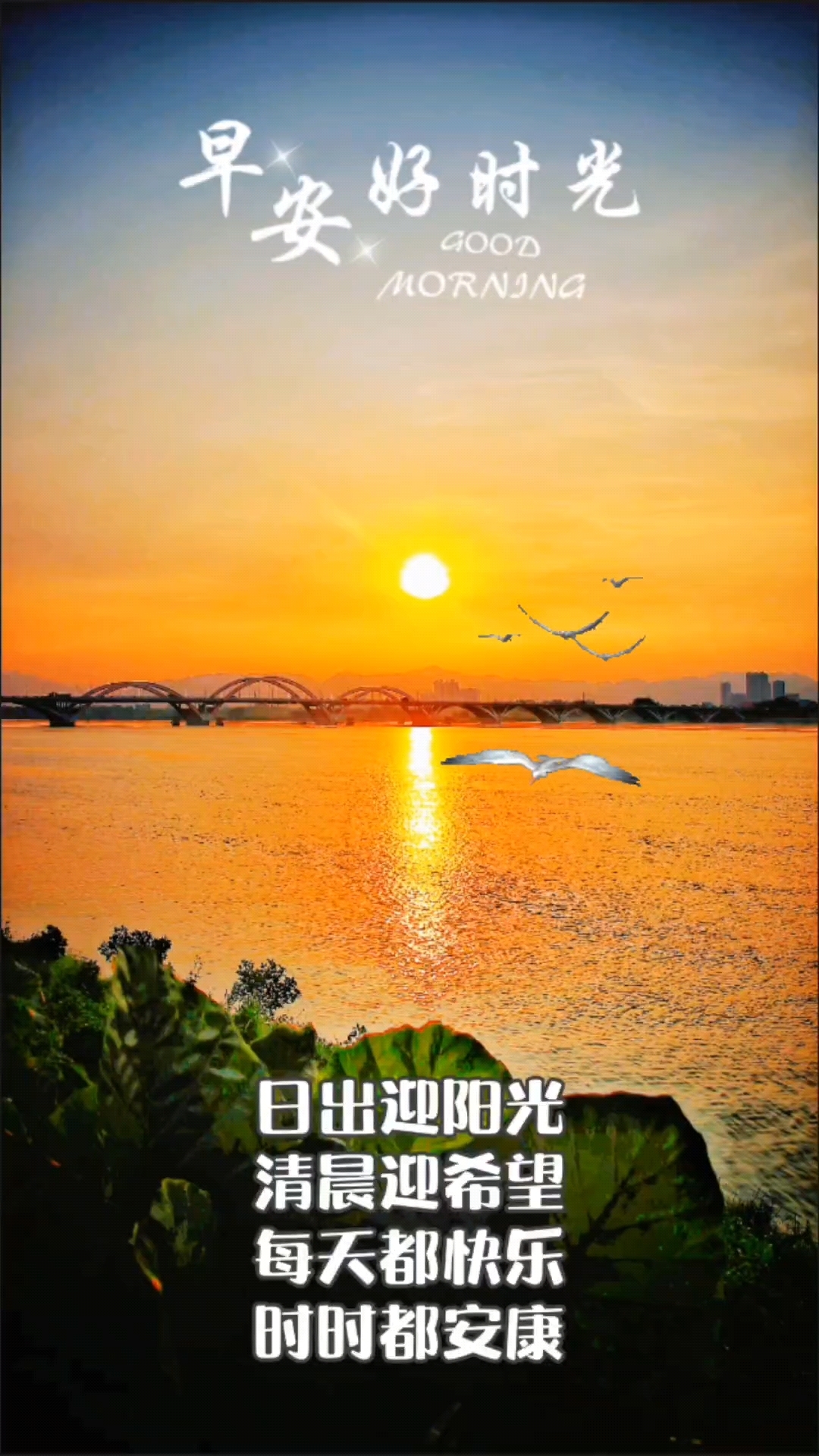 早安!日出迎阳光,清晨迎希望,每天都快乐,时时都安康
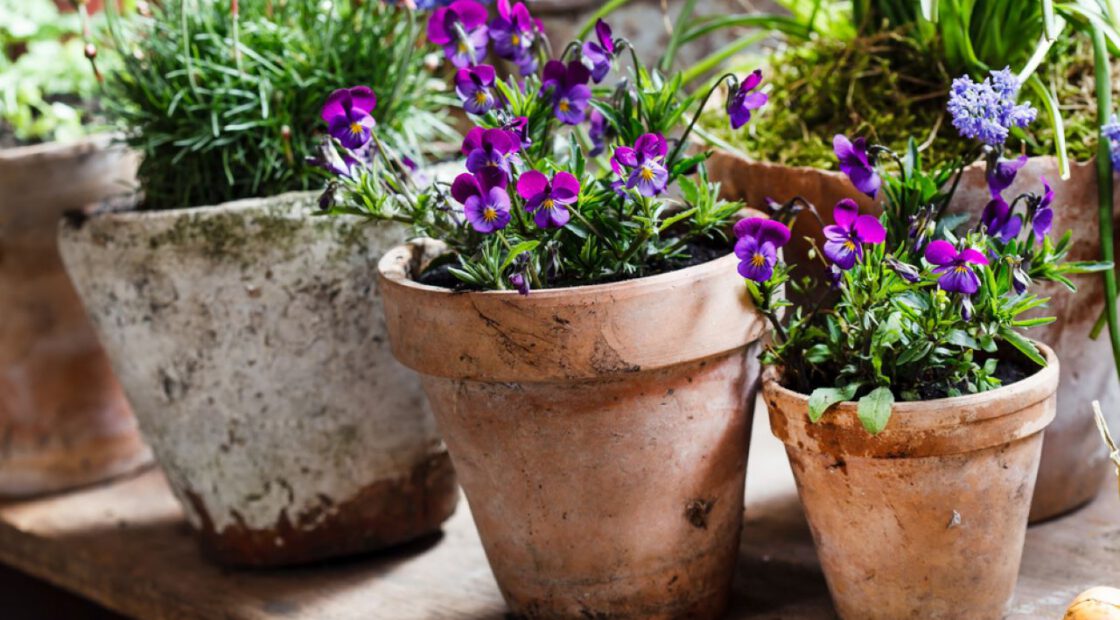 purple pansies, potted, espoma organic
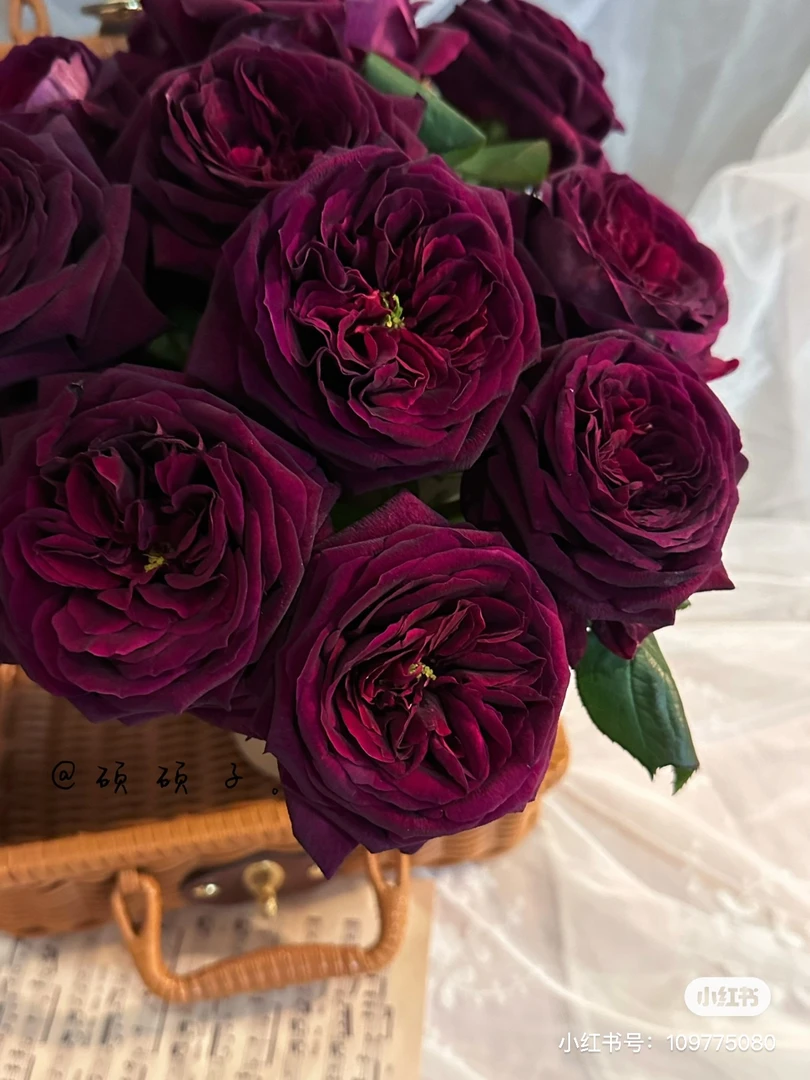 【花甜悦夏优选】皇宫单头玫瑰（百分之十不售后2个订单包邮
___
## Task prompt
Make an exact copy of the whole listing, but don't bring over any pictures.

## The completed task
 早安!日出迎阳光,清晨迎希望,每天都快乐,时时都安康
 purple pansies, potted, espoma organic
 【花甜悦夏优选】皇宫单头玫瑰（百分之十不售后2个订单包邮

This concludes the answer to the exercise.